Sejak itu umat Stasi Jetis mengadakan Perayaan Ekaristi di Kapel Susteran ADM. Karena perkembangan umat semakin pesat, maka untuk efektivitas
pendampingan dan reksa pastoral umat, Kring Bangirejo dimekarkan menjadi dua kring yakni Kring Blunyah dan Kring Bangirejo. Kring Jetis dimekarkan
menjadi dua yakni Kring Cokrokusuman dan Kring Cokrodiningratan. Alasan kedekatan teritorial, Kring Kricak yang sebelumnya menjadi wilayah Paroki
Kumetiran digabung menjadi bagian Stasi Jetis. Atas prakarsa Romo Carri, SJ dan tokoh-tokoh awam di wilayah Stasi
Jetis maka pada tanggal 8 Oktober 1963, dibentuklah Pengurus Gereja dan Papa Miskin Room Katolik di wilayah Gereja Albertus Agung Soegijapranoto
di Yogyakarta PGPM oleh pejabat Uskup Semarang, Mgr. Justinus Darmojuwono. Akta Notaris PGPM disahkan dihadapan Notaris RM.

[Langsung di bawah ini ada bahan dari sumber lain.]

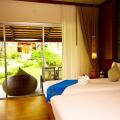 Beyond Resort Khaolak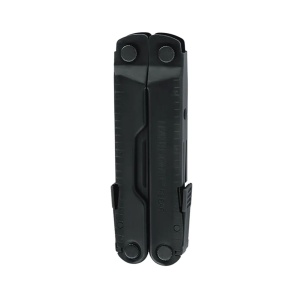 Multifunctional Leatherman Rebar® Black - Img 3
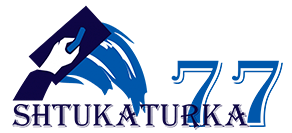 https://profitpeak.ru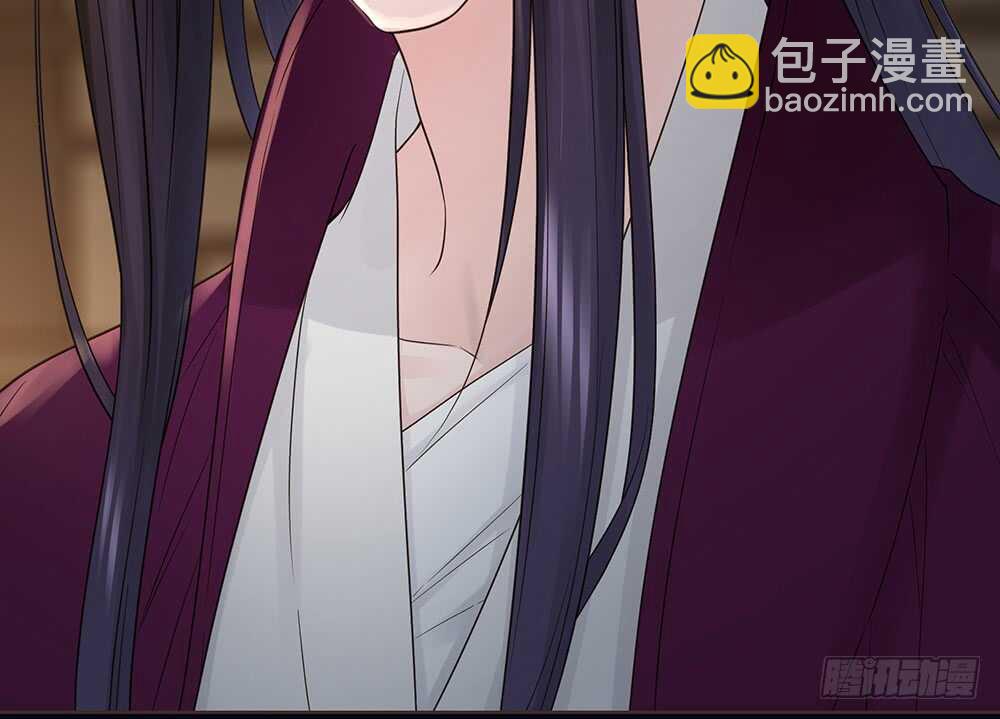 离开吧(1/2)-第105话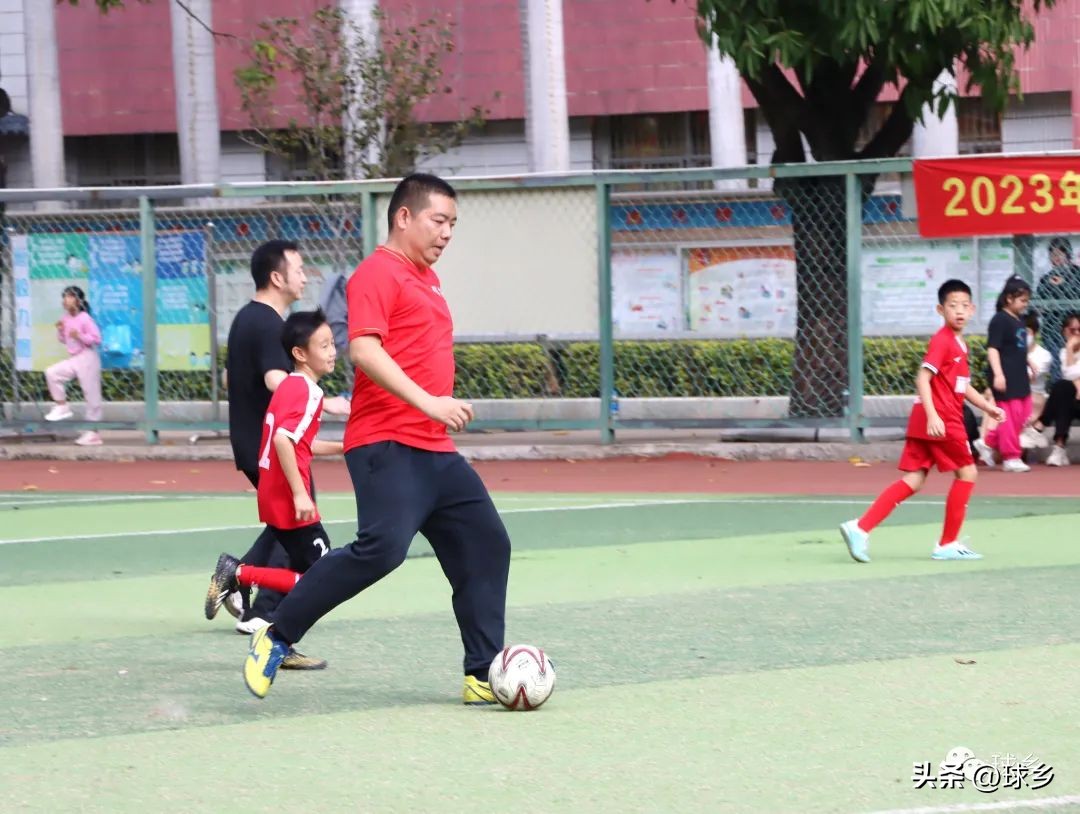 蹇箰瓒崇悆鍏泭浜插瓙娲诲姩,蹇箰瓒崇悆浜插瓙娲诲姩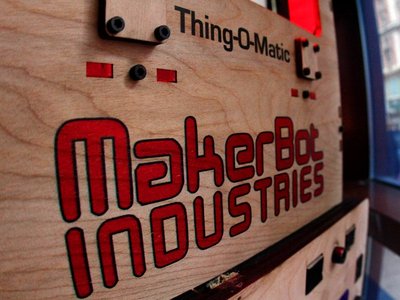 it-actually-makes-toys-and-other-stuff-if-you-want-to-get-technical-it-is-the-thing-o-matic-3d-printer-and-runs-you-about-2500-pre-made.jpg
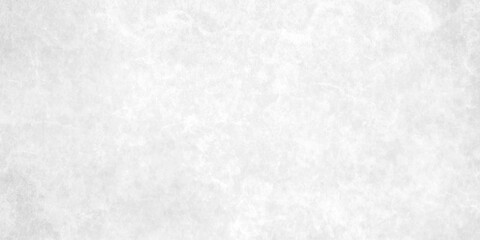 Fototapeta premium White marble texture in natural pattern with high resolution for background and texture. Wall and panel marble natural pattern for architecture and interior design or abstract background.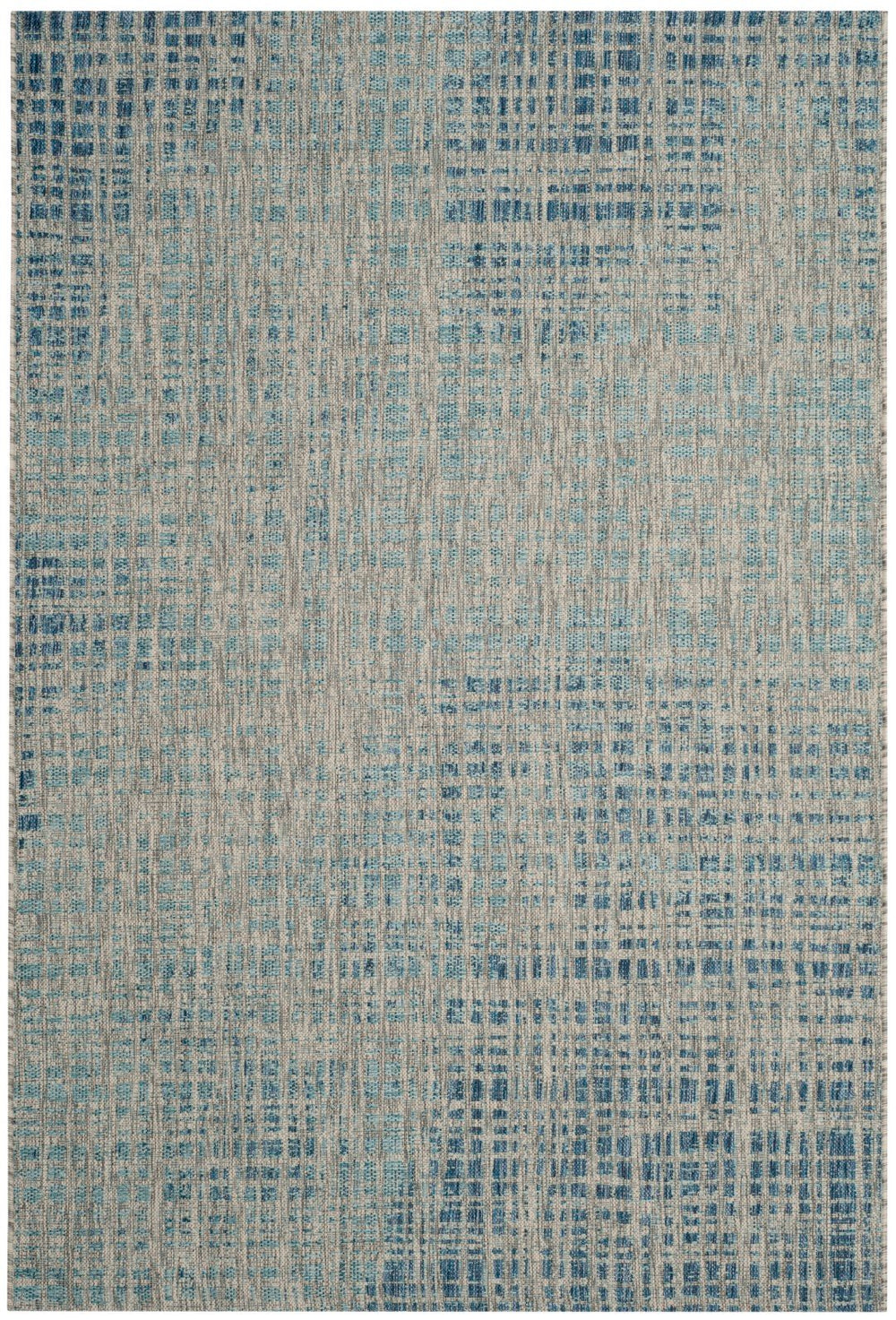 Safavieh Porta Cy8513 3721 Power Loomed Rug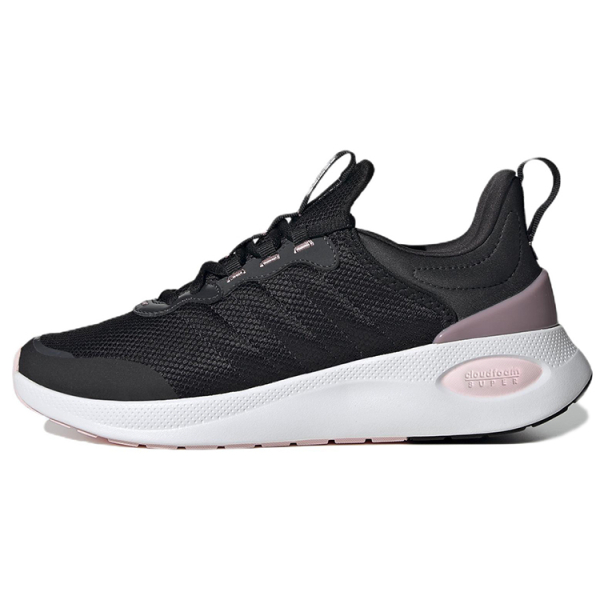 Adidas neo Puremotion SUPER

Soeprapto pada tanggal 4 November 1963. Persoalan besar yang dihadapi oleh PGPM, dimanakah akan didirikan gedung gereja? Pengurus mulai melirik
beberapa tempat yang memungkinkan untuk mendirikan gereja. Beberapa pilihan mulai bermunculan namun belum ada yang sesuai. Di tengah
kesibukan mencari tanah itu, umat Stasi Jetis harus rela melepas kepergian Romo Carri, SJ yang diangkat sebagai Sekretaris Keuskupan Agung
Semarang. Beliau digantikan oleh Romo H. Natasusila, Pr pada Agustus 1964. Perkembagan umat semakin pesat, hal itu terbukti dari selalu lahirnya
kring-kring baru yakni Kring Karangwaru dan Poncowinatan. Sedangkan Kring Gowongan dan Penumping yang sebelumnya menjadi bagian dari
Paroki Kumetiran digabungkan ke Jetis sehingga Stasi Jetis saat itu mempunyai 12 kring. Bertambahnya jumlah kring ini semakin memperkuat
keinginan umat untuk memiliki gedung gereja sendiri.